**Task details:** Only one stretch of the data below is wanted: the lines starting at the one with "купить чехлы на" and ending at the one with "Отель Casa Strabunicului", both included, given again exactly.

**Material provided:**
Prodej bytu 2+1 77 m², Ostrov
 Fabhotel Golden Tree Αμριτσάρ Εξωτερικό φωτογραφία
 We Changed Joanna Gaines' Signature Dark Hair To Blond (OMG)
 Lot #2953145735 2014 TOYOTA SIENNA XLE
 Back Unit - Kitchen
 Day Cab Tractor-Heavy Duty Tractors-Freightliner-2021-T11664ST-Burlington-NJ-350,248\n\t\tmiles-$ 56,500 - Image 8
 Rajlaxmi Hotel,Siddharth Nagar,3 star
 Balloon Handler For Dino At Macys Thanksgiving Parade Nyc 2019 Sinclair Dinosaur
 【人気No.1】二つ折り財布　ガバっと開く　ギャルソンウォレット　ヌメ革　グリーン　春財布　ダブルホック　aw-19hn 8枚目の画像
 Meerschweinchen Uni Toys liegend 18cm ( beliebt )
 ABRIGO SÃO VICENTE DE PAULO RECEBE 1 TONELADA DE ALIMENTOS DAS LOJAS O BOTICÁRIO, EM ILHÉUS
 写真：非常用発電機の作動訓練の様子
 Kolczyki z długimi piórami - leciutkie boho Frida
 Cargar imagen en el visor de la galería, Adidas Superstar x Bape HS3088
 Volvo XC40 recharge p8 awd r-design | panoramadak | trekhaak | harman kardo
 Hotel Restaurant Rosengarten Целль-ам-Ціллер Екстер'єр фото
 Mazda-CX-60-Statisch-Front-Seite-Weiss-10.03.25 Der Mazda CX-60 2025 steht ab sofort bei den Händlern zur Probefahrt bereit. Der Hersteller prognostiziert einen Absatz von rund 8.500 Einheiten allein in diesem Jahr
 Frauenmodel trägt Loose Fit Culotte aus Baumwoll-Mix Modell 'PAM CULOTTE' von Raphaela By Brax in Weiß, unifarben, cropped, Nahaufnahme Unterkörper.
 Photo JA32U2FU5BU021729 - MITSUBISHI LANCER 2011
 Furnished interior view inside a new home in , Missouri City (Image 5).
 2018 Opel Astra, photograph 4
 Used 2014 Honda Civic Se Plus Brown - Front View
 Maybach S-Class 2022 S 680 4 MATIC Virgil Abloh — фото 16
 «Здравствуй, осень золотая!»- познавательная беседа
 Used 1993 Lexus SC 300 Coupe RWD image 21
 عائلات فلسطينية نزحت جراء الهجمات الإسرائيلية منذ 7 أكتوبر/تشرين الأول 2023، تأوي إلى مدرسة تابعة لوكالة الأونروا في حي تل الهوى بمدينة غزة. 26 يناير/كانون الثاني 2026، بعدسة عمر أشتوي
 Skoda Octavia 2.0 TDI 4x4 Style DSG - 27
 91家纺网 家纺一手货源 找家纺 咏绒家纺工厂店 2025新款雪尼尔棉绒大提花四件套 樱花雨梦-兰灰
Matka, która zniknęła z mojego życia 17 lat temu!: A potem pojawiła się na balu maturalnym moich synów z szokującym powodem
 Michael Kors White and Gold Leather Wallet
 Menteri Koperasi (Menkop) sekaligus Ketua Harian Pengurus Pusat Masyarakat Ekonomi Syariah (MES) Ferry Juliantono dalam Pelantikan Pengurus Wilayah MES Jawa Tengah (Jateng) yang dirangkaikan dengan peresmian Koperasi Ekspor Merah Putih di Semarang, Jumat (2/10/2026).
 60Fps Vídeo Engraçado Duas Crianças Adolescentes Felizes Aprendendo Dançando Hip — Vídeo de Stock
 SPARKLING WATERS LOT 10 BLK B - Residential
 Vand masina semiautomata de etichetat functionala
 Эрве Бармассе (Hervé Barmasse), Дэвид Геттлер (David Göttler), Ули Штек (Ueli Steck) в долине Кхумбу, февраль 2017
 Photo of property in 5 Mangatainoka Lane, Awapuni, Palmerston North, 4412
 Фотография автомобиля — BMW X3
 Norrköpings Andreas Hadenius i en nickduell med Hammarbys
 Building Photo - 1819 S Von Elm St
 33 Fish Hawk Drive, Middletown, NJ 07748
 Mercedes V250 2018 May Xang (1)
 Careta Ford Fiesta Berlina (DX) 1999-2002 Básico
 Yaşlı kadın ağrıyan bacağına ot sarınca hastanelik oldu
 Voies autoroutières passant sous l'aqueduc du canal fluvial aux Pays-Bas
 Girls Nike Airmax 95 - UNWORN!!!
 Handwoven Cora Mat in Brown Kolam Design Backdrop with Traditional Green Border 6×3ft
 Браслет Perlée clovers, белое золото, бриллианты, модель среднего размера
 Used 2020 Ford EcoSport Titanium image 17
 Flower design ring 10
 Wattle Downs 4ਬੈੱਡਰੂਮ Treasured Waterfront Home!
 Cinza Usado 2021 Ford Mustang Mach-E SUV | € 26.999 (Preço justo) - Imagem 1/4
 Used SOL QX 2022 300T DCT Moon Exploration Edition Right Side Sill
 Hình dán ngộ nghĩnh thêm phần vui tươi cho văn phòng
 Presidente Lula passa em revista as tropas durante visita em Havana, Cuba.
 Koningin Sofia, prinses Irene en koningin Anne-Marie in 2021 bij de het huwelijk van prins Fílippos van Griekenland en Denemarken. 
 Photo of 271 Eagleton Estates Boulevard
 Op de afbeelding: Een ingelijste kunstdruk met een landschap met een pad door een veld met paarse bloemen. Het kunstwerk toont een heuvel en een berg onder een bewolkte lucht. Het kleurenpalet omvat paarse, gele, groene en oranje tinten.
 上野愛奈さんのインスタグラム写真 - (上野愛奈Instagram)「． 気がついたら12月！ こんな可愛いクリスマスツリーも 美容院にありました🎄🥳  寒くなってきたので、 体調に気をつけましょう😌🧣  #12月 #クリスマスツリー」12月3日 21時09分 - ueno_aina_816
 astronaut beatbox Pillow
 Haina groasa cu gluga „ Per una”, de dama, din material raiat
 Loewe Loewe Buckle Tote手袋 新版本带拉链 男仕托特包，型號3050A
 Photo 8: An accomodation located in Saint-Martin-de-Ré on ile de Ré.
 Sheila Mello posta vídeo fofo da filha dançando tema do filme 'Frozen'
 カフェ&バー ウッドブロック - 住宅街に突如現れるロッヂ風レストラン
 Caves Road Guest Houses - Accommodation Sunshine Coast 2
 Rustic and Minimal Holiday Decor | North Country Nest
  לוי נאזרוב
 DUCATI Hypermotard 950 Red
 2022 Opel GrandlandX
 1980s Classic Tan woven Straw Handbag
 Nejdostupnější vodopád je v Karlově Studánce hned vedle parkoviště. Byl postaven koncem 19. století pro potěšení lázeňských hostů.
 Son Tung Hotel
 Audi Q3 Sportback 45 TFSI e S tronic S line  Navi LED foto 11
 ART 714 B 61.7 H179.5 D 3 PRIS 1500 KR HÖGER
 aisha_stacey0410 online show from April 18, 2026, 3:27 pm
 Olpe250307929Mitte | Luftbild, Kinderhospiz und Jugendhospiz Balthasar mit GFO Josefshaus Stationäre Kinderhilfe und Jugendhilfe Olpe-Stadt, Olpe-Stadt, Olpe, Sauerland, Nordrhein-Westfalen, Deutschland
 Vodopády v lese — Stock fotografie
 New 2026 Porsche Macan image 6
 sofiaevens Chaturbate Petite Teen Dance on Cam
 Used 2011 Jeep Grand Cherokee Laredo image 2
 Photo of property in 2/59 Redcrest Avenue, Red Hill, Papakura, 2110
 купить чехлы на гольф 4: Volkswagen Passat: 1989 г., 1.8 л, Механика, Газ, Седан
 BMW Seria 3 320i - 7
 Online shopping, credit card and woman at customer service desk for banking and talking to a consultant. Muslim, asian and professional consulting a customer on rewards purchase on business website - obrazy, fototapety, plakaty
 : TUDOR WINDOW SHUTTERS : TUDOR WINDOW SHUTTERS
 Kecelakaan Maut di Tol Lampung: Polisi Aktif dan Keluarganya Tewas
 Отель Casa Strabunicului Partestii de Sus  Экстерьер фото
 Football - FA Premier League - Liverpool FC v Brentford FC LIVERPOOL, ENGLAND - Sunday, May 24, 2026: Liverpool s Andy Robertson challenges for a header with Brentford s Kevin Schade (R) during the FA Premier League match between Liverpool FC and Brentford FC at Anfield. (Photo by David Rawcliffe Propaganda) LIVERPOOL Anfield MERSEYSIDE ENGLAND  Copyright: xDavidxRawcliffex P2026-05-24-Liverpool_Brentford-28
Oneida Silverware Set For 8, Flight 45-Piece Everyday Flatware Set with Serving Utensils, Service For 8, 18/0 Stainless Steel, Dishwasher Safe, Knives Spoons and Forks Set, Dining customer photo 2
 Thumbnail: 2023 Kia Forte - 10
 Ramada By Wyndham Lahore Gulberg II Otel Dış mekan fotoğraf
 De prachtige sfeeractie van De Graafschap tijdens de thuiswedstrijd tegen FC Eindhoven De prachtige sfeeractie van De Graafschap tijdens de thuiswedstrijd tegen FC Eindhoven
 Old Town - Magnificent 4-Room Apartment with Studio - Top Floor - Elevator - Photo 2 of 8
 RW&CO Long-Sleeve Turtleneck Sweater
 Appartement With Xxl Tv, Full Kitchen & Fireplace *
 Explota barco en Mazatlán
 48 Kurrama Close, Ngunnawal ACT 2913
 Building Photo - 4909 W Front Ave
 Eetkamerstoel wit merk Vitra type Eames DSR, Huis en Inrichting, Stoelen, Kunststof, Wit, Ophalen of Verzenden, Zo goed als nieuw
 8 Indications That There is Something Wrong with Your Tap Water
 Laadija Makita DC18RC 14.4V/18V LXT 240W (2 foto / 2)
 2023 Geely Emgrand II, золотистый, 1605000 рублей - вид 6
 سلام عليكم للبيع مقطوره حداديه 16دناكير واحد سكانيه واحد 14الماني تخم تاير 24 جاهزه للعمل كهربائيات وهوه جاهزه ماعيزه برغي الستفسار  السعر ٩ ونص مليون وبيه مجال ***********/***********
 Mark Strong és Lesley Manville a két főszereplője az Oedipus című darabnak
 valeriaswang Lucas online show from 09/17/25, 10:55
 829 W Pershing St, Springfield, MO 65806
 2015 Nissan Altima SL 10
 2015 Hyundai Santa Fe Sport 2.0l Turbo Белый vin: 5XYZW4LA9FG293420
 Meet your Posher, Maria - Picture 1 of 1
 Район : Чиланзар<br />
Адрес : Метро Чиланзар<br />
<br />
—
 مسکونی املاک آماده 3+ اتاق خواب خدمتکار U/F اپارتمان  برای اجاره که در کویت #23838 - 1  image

**Result of this exercise:**
 купить чехлы на гольф 4: Volkswagen Passat: 1989 г., 1.8 л, Механика, Газ, Седан
 BMW Seria 3 320i - 7
 Online shopping, credit card and woman at customer service desk for banking and talking to a consultant. Muslim, asian and professional consulting a customer on rewards purchase on business website - obrazy, fototapety, plakaty
 : TUDOR WINDOW SHUTTERS : TUDOR WINDOW SHUTTERS
 Kecelakaan Maut di Tol Lampung: Polisi Aktif dan Keluarganya Tewas
 Отель Casa Strabunicului Partestii de Sus  Экстерьер фото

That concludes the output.